There is one final attribute of the configuration left to discuss: the aspectjWeaving attribute (or aspectj-weaving if you use XML). This attribute controls whether LTW is enabled or not. It accepts one of three possible values, with the default value being autodetect if the attribute is not present. The following table summarizes the three possible values:

Table 2. AspectJ weaving attribute values
Annotation Value XML Value Explanation

ENABLED

on

AspectJ weaving is on, and aspects are woven at load-time as appropriate.

DISABLED

off

LTW is off. No aspect is woven at load-time.

AUTODETECT

autodetect

If the Spring LTW infrastructure can find at least one META-INF/aop.xml file, then AspectJ weaving is on. Otherwise, it is off. This is the default value.
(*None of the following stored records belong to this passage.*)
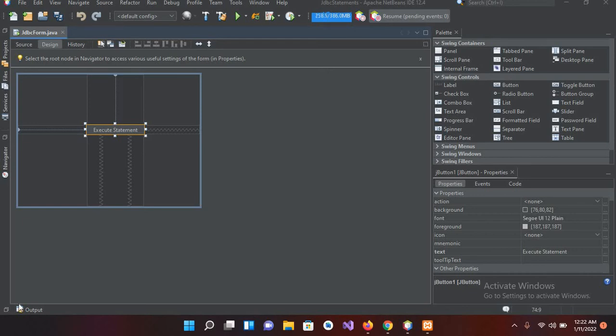Bismillahirrahmanirrahim, hello guys, welcome to my channel. Today in this video tutorial we are going to learn about inserting data into MySQL database using Java JDBC.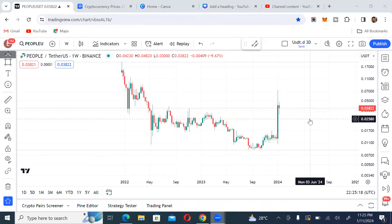Hello everyone, welcome back — this is MJ Crypto. This is 'How to Double Your Portfolio in the Bull Market,' an amazing series that you are actually going to be partaking in if you are a follower of this channel. The first coin we're going to be analyzing for episode one is called PEOPLE/USDT.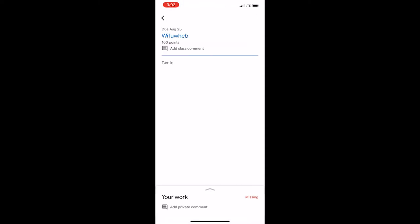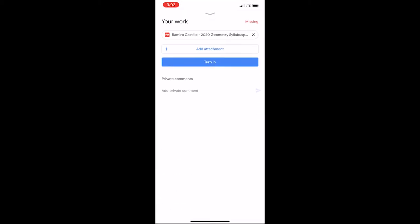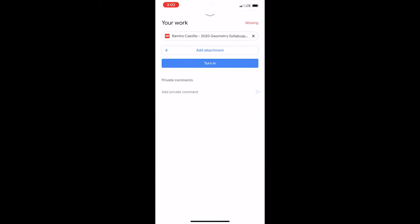At the bottom panel where it says your work, missing, and add private comment, swipe up. Then click the add attachment button.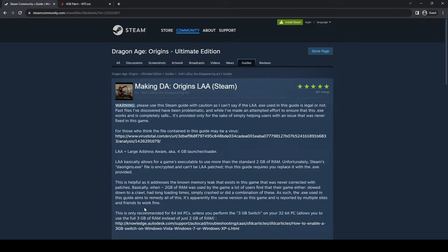Hello, and in today's video I'm going to be showing you how I got Dragon Age Origins Ultimate Edition to run without crashing constantly.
Environment-specific Configuration

This last section contains any additional settings and configuration that you need when you use Spring’s LTW support in environments such as application servers and web containers.
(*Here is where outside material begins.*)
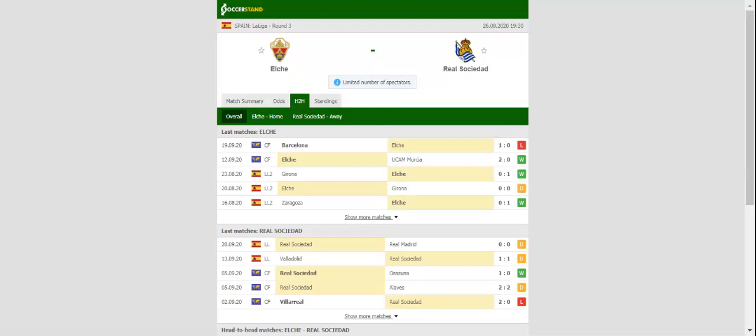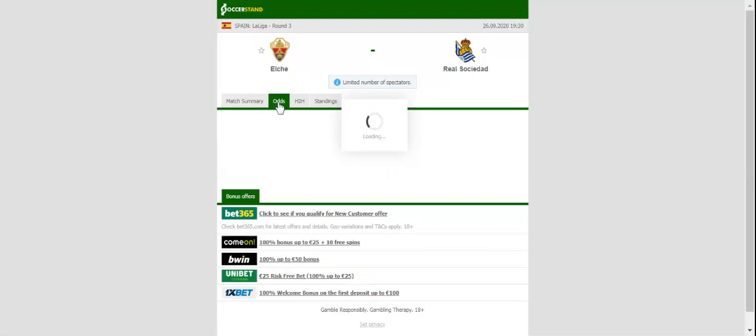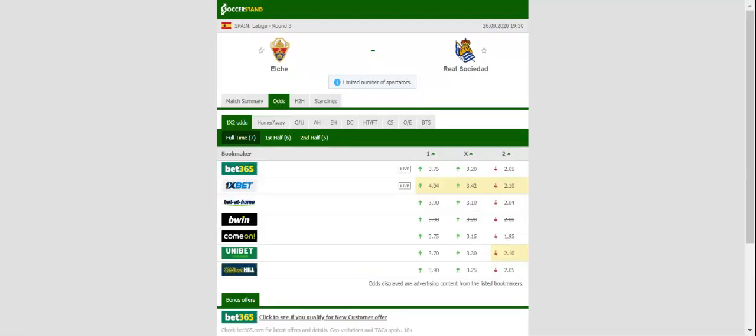Latest signing Raul Guti, who joined the club from Zaragoza, is likely to make his Elche debut against Real Sociedad.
Tomcat, JBoss, WebSphere, WebLogic

Tomcat, JBoss/WildFly, IBM WebSphere Application Server and Oracle WebLogic Server all provide a general app ClassLoader that is capable of local instrumentation. Spring’s native LTW may leverage those ClassLoader implementations to provide AspectJ weaving. You can simply enable load-time weaving, as described earlier. Specifically, you do not need to modify the JVM launch script to add -javaagent:path/to/spring-instrument.jar.

Note that on JBoss, you may need to disable the app server scanning to prevent it from loading the classes before the application actually starts. A quick workaround is to add to your artifact a file named WEB-INF/jboss-scanning.xml with the following content:

<scanning xmlns="urn:jboss:scanning:1.0"/>
Generic Java Applications

When class instrumentation is required in environments that are not supported by specific LoadTimeWeaver implementations, a JVM agent is the general solution. For such cases, Spring provides InstrumentationLoadTimeWeaver which requires a Spring-specific (but very general) JVM agent, spring-instrument.jar, autodetected by common @EnableLoadTimeWeaving and <context:load-time-weaver/> setups.

To use it, you must start the virtual machine with the Spring agent by supplying the following JVM options:

-javaagent:/path/to/spring-instrument.jar

Note that this requires modification of the JVM launch script, which may prevent you from using this in application server environments (depending on your server and your operation policies). That said, for one-app-per-JVM deployments such as standalone Spring Boot applications, you typically control the entire JVM setup in any case.